## WHAT IS BEING ASKED
After locating the line with "批发法国女童装时髦洋气<b class='q'>套装</" in the entries below, output it and each following line up to and including the line with "Immagine 7 di", exactly and without pictures.

# # # # #

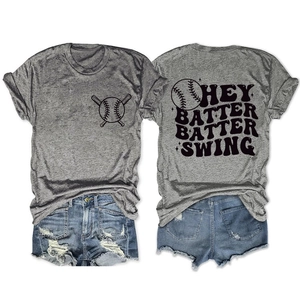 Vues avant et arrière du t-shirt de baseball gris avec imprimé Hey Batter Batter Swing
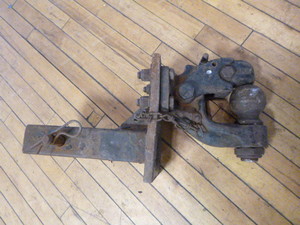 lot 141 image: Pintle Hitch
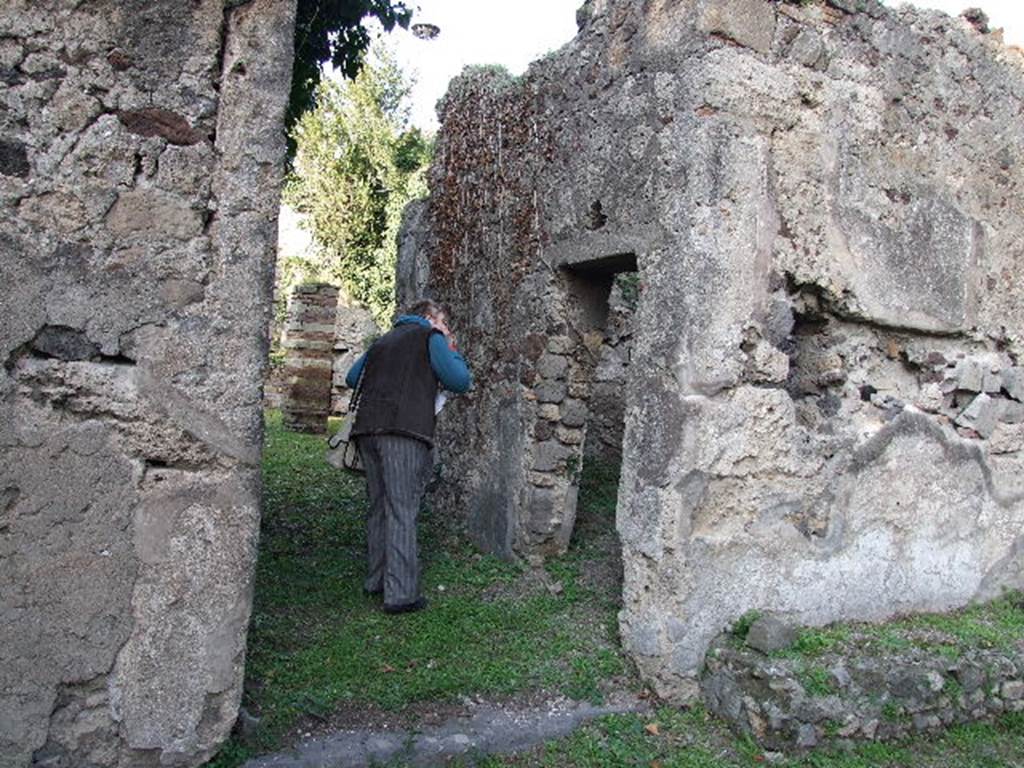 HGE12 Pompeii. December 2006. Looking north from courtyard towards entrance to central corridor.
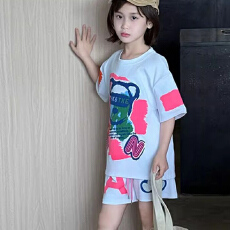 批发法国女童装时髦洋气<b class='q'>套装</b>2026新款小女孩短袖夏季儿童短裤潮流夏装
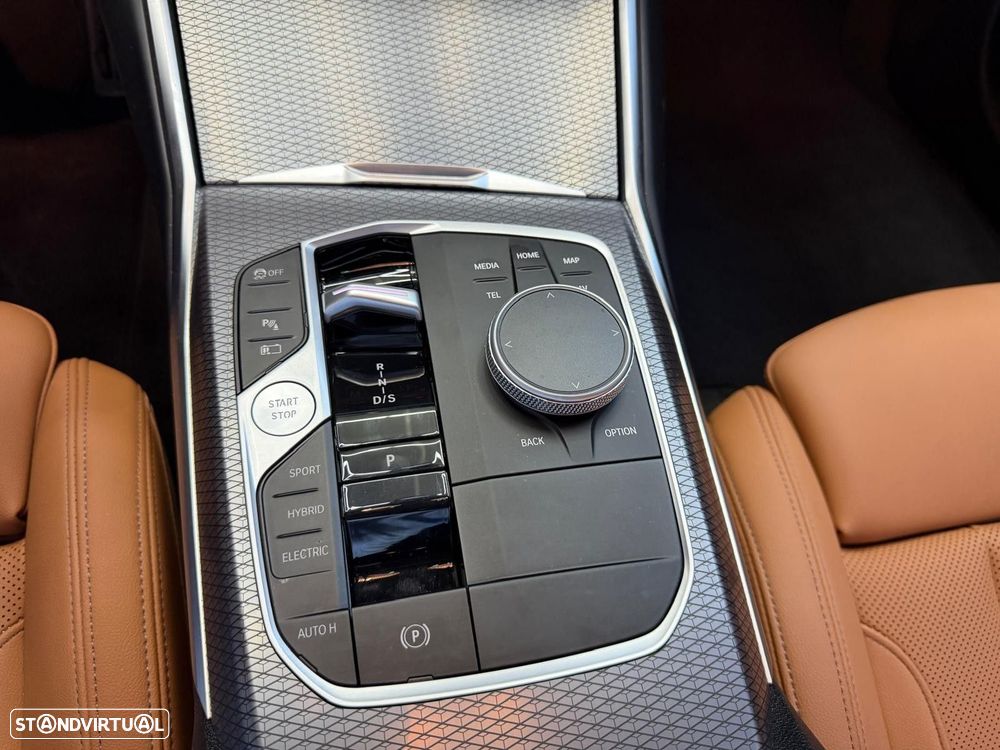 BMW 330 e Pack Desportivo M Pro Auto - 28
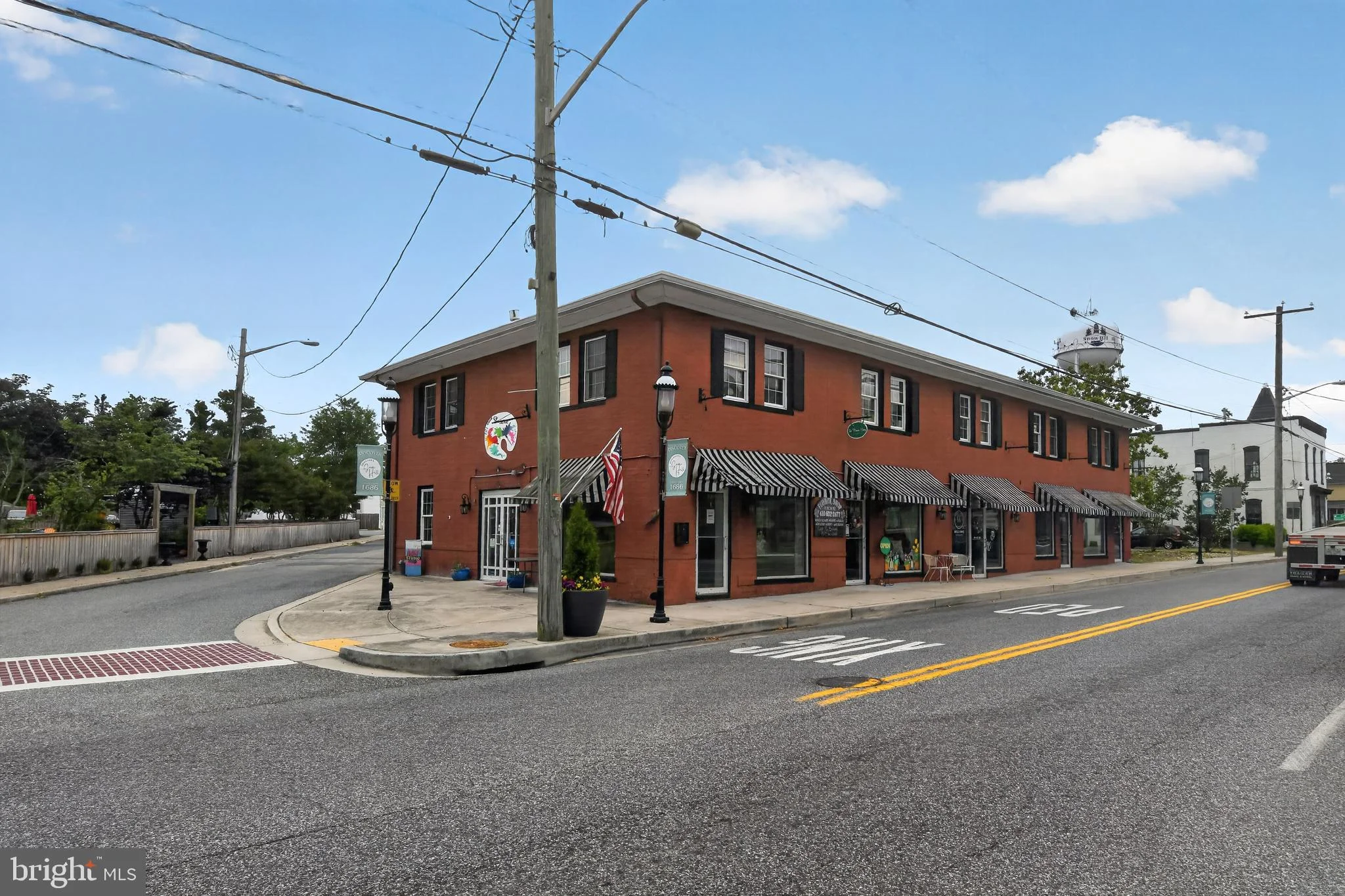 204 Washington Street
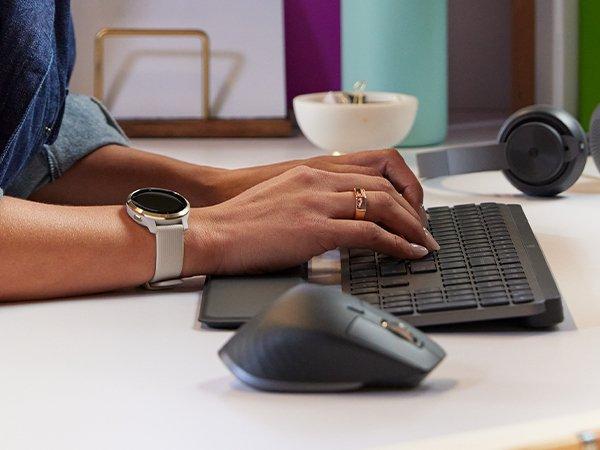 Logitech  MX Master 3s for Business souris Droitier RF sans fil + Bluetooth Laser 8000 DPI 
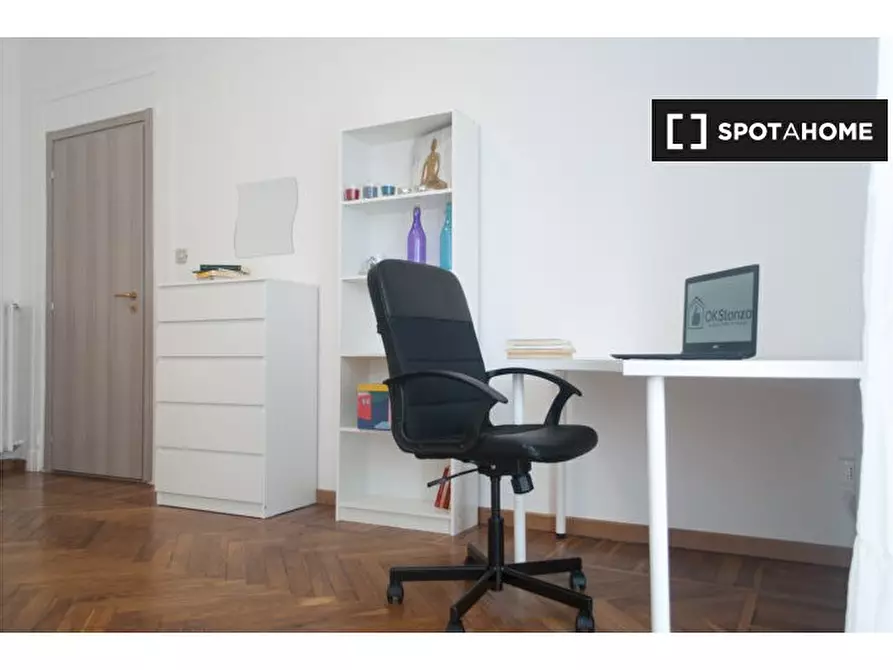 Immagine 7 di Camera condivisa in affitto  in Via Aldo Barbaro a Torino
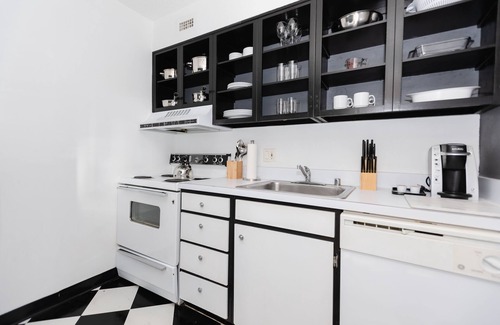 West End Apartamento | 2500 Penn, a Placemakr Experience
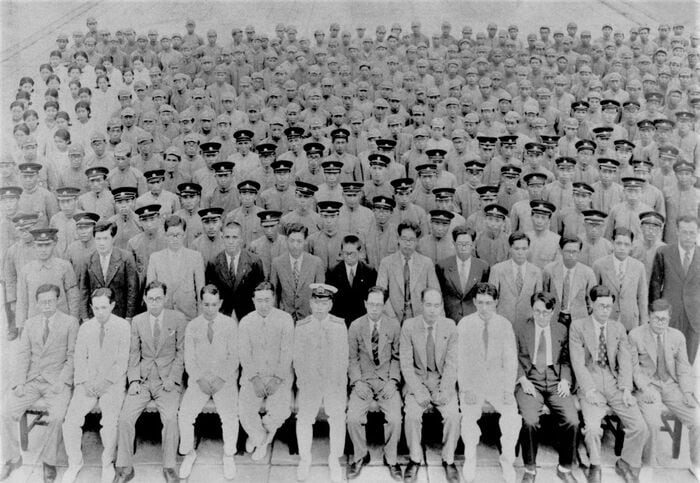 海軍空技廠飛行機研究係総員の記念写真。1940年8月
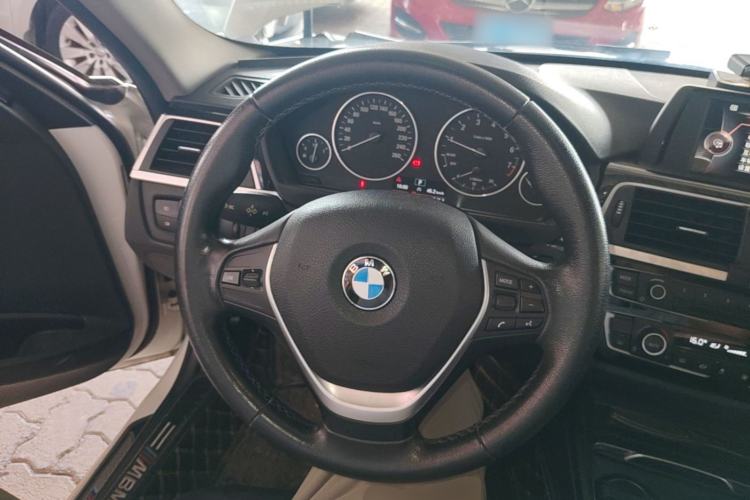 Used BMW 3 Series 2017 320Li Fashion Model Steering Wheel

# # # # #

## EXERCISE RESULT
 批发法国女童装时髦洋气<b class='q'>套装</b>2026新款小女孩短袖夏季儿童短裤潮流夏装
 BMW 330 e Pack Desportivo M Pro Auto - 28
 204 Washington Street
 Logitech  MX Master 3s for Business souris Droitier RF sans fil + Bluetooth Laser 8000 DPI 
 Immagine 7 di Camera condivisa in affitto  in Via Aldo Barbaro a Torino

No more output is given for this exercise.